// maths › Non-Right-Angle Trigonometry
Derive a triangle's area through trigonometry: use the cosine rule to find the included angle, then the area formula ½·a·b·sin C, and watch it simplify to Heron's formula — showing why the two routes give the same area.
Area = ½·a·b·sin C, with cos C = (a²+b²−c²)/(2ab) → Heron's √(s(s−a)(s−b)(s−c))
The geometry version applies the finished formula √(s(s−a)(s−b)(s−c)) directly. This trigonometry version derives the area instead: it uses the cosine rule to find the included angle, then the area formula ½·a·b·sin C, and shows that the result is exactly Heron's formula.
Substitute cos C = (a²+b²−c²)/(2ab) from the cosine rule into sin C = √(1−cos²C), then into ½·a·b·sin C. After simplifying, the expression collapses to √(s(s−a)(s−b)(s−c)) — Heron's formula.
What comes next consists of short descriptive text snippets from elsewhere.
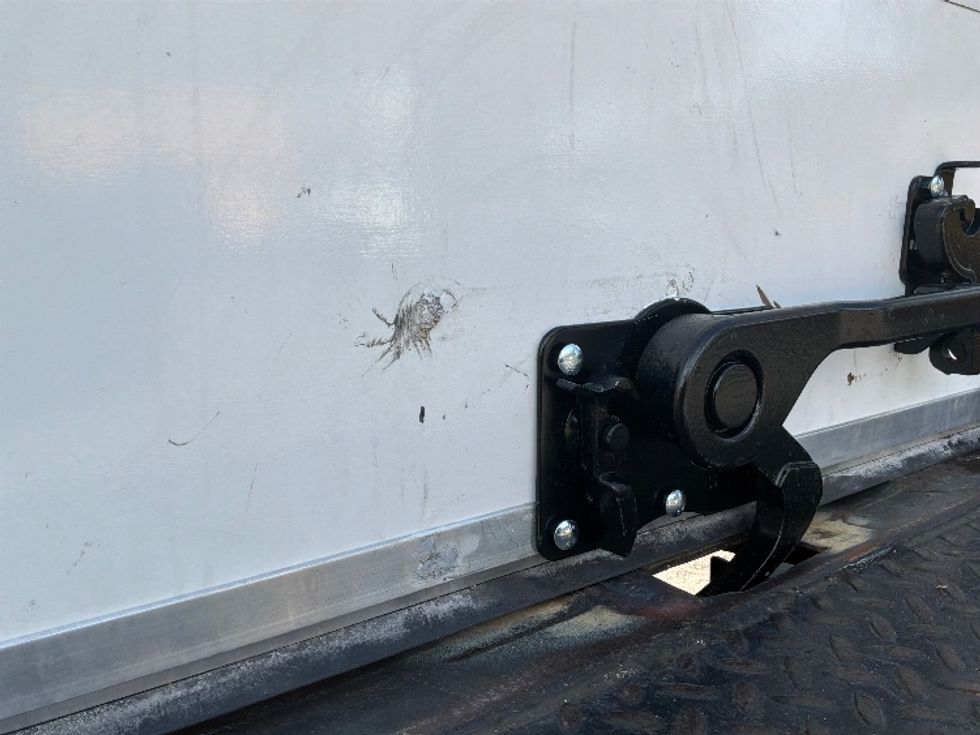 Medium Duty Box Truck-Light and Medium Duty Trucks-International-2019-4300-Jacksonville-FL-137,823\n\t\tmiles-$ 51,750 - Image 31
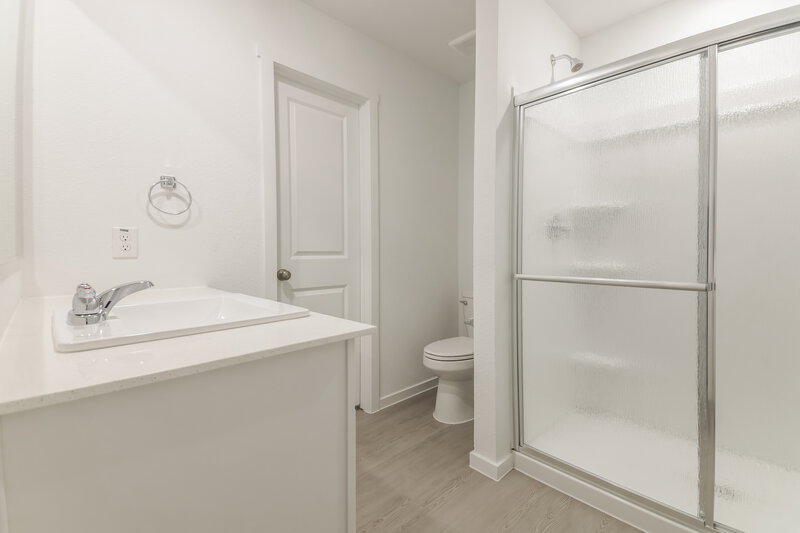 1,855/Mo, 1717 Crossbill St Forney, TX 75126 Main Bathroom View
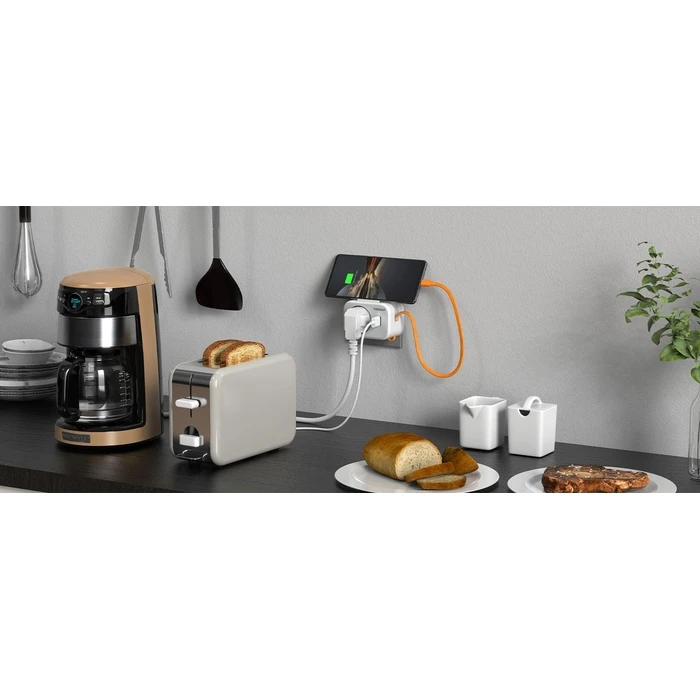 Πρίζα Tessan 3 IN 1 WALL SOCKET 1xSCHUKO, 1xUSB, 1xTYPE-C CABLE 15CM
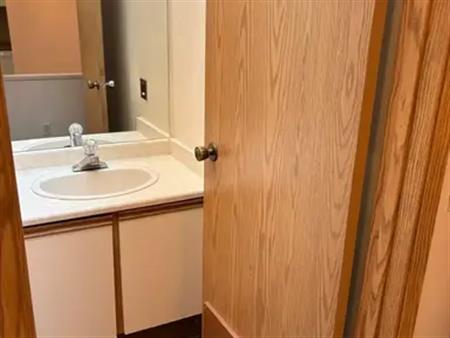 Landmark Gardens Rental Pool | 335 Garry Cres. N.E, Calgary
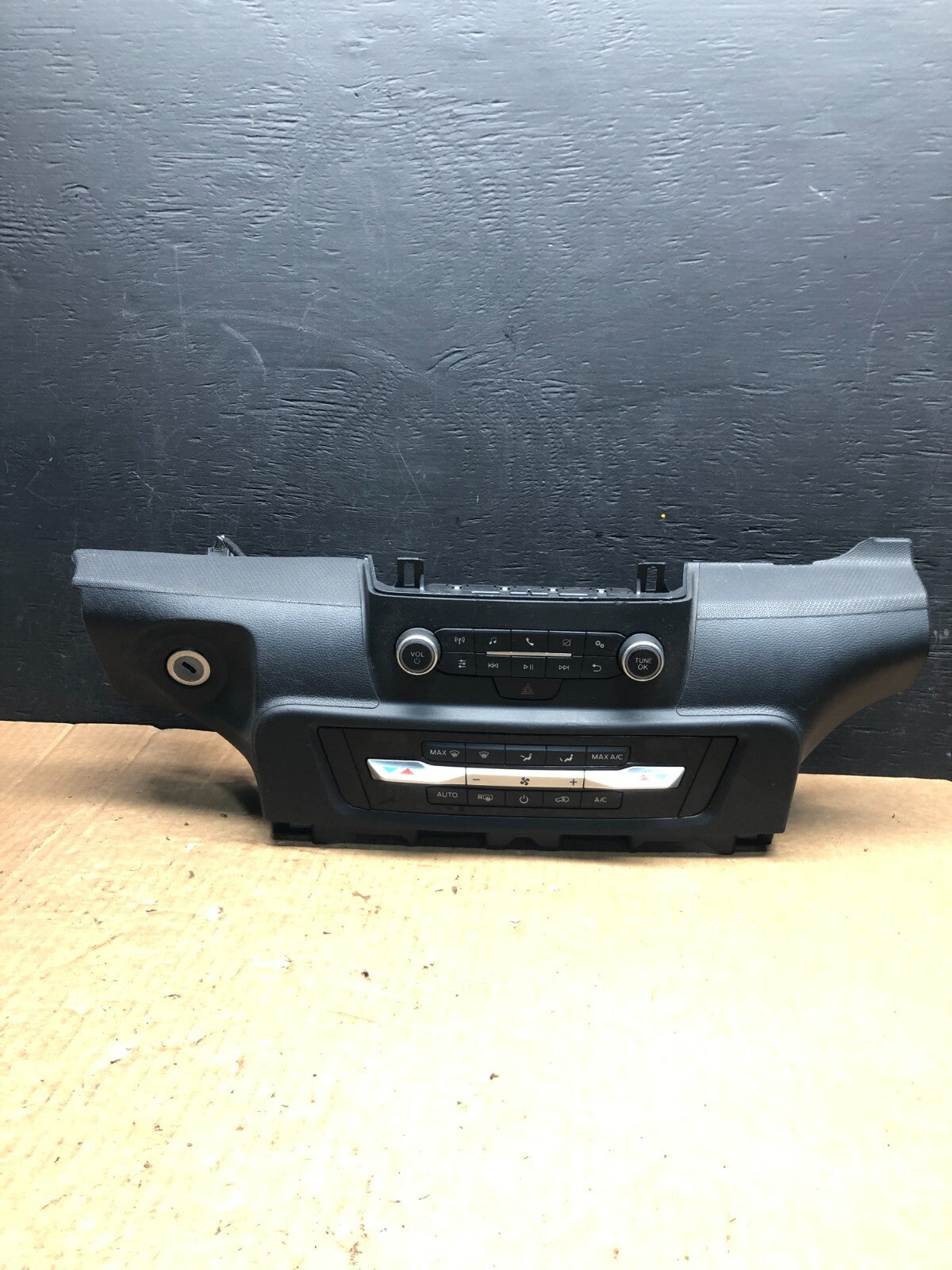 2020 to 2023 Ford Explorer Radio Climate Control Panel Trim F9591 DG10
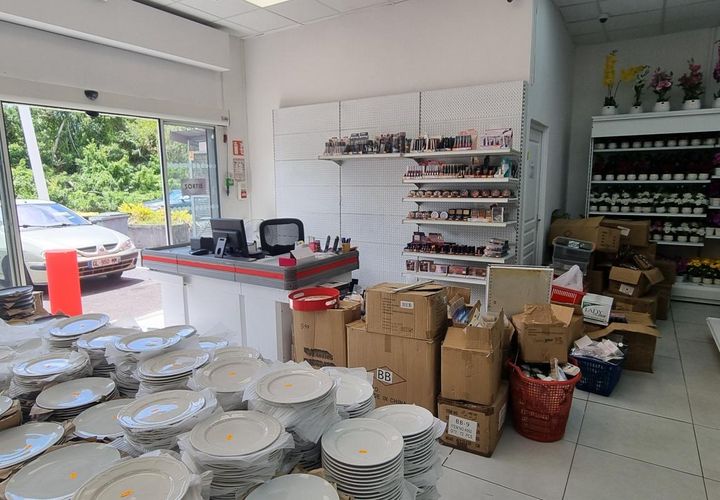 L'establiment comercial a Saint-Andre, La Reunion, Saint-Andre - € 67.200/mes | Ref: 6402 - foto 1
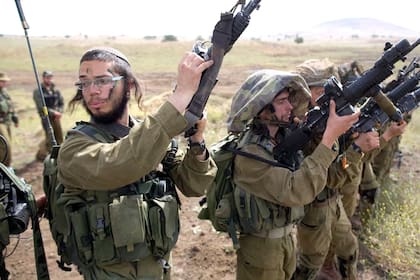 Soldados israelíes del batallón ultraortodoxo "Netzah Yehuda" participan en su entrenamiento anual de unidad en los Altos del Golán anexados por Israel, cerca de la frontera con Siria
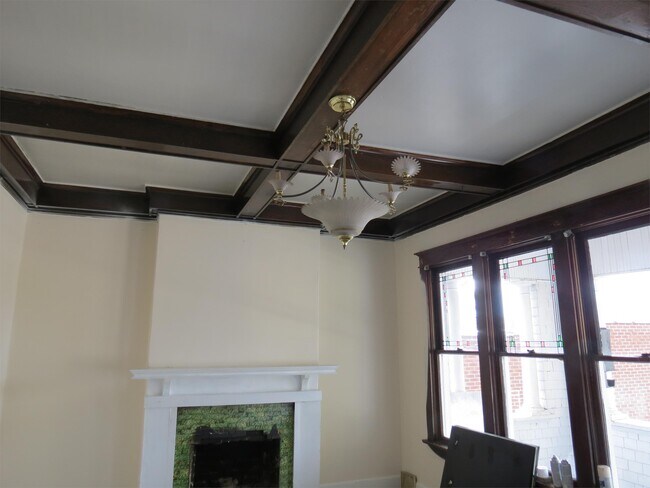 Building Photo - 742 N 300 W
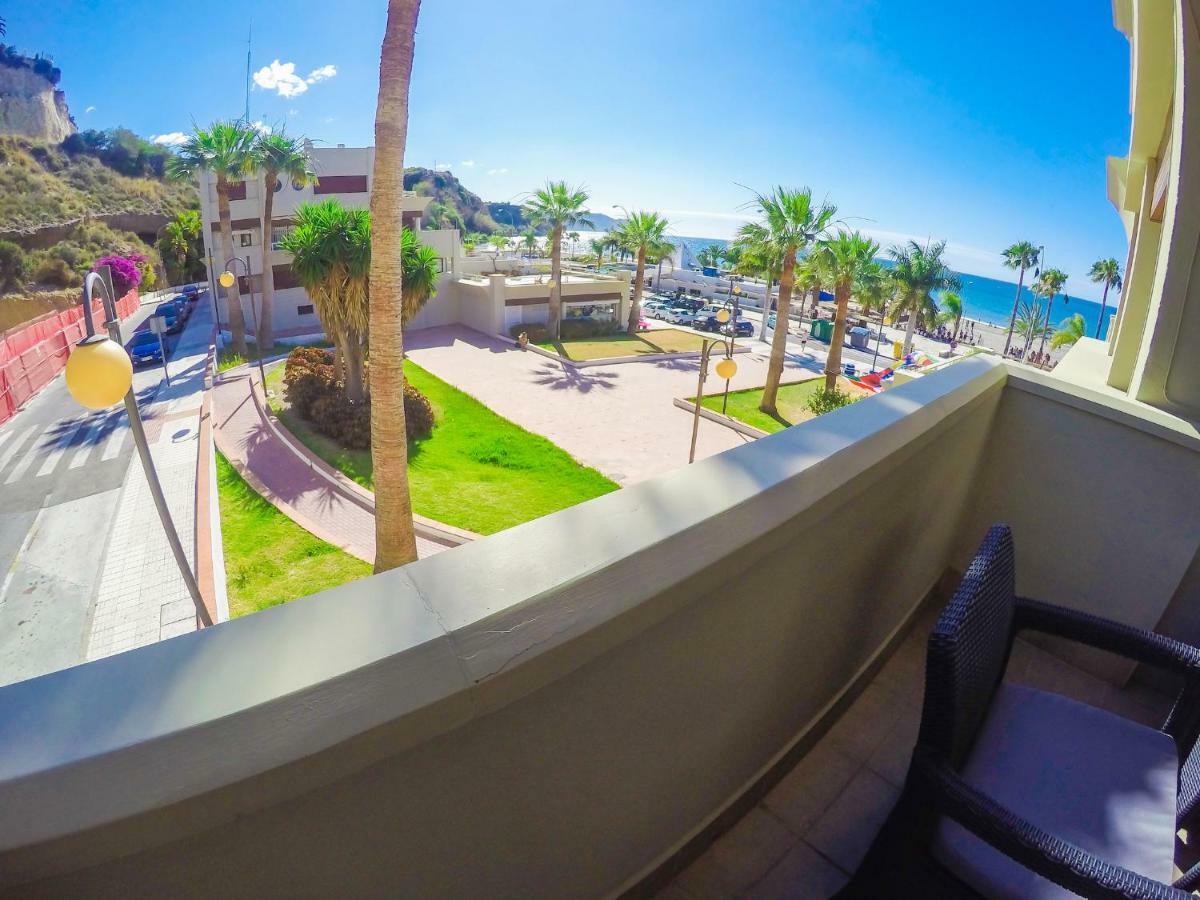 Burriana Beach Apartment เนร์คา ภายนอก รูปภาพ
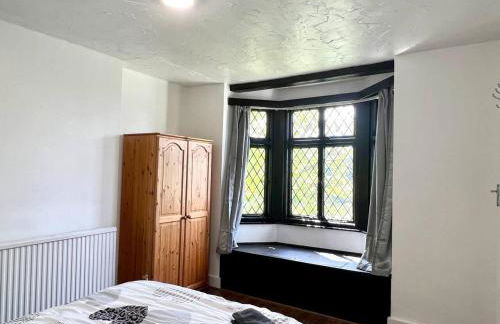 Sleeps 8 Thamefront Gem w PetsOK Free Parking - Foto 8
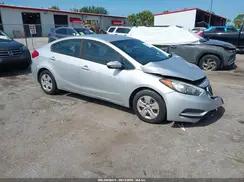 KNAFK4A64G5576053 2016 KIA FORTE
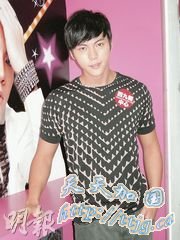 陈伟霆自曝最想买楼。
The two are algebraically identical, so they always agree.
For a 3-4-5 triangle, the angle between sides 3 and 4 has cos C = (9+16−25)/(2·3·4) = 0, so C = 90° and sin C = 1. Then Area = ½·3·4·1 = 6 — the same as Heron's √(6·3·2·1) = 6 square units.
C is the angle between sides a and b, the side opposite it being c. The cosine rule pins it down from the three side lengths. It is only an intermediate step — what the area formula actually needs is sin C.
The cosine-rule-to-area route is common in surveying and navigation, where two distances and the angle between them are known, and in computer graphics and physics, where triangle areas are computed from vectors whose included angle comes from a dot product.